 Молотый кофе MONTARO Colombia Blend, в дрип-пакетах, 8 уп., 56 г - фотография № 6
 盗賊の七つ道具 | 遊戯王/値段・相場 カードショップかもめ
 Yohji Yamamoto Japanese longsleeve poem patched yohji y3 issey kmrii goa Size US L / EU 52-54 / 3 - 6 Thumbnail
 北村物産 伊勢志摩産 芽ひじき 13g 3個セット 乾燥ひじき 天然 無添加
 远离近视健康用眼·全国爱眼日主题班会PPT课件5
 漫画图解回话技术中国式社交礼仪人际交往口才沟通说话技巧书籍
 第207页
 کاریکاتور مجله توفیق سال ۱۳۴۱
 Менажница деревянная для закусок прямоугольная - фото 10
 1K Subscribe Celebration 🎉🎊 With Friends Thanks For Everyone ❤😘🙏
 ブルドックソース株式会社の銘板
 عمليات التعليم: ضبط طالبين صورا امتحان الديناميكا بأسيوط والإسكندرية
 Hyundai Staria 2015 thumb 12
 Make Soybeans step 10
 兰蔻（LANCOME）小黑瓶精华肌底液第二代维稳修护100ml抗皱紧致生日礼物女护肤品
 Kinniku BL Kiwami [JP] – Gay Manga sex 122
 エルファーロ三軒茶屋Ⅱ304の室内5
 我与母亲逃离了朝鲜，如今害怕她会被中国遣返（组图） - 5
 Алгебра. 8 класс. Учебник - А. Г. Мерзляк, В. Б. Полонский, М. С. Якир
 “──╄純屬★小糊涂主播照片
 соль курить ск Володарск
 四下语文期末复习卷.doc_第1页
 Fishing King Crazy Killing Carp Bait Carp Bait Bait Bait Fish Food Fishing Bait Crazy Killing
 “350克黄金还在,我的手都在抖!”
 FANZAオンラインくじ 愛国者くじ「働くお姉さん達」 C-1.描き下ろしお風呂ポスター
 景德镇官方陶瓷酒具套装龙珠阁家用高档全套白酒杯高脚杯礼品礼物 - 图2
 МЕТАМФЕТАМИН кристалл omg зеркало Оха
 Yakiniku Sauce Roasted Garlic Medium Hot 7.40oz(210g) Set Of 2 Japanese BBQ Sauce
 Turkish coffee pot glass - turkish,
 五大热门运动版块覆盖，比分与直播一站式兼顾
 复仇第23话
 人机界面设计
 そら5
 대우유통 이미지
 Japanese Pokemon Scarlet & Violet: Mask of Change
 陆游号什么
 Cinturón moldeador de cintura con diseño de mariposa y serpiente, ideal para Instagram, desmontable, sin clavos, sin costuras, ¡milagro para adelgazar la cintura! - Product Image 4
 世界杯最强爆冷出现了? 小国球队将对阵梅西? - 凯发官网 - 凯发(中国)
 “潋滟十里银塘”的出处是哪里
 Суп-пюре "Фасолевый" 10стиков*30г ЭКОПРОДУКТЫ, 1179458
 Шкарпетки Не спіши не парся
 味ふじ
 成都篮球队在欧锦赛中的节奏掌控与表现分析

____

**What to do**
Gather up the lines containing the word "Japanese" from these records and copy them.

**Response**
 Yohji Yamamoto Japanese longsleeve poem patched yohji y3 issey kmrii goa Size US L / EU 52-54 / 3 - 6 Thumbnail
 Yakiniku Sauce Roasted Garlic Medium Hot 7.40oz(210g) Set Of 2 Japanese BBQ Sauce
 Japanese Pokemon Scarlet & Violet: Mask of Change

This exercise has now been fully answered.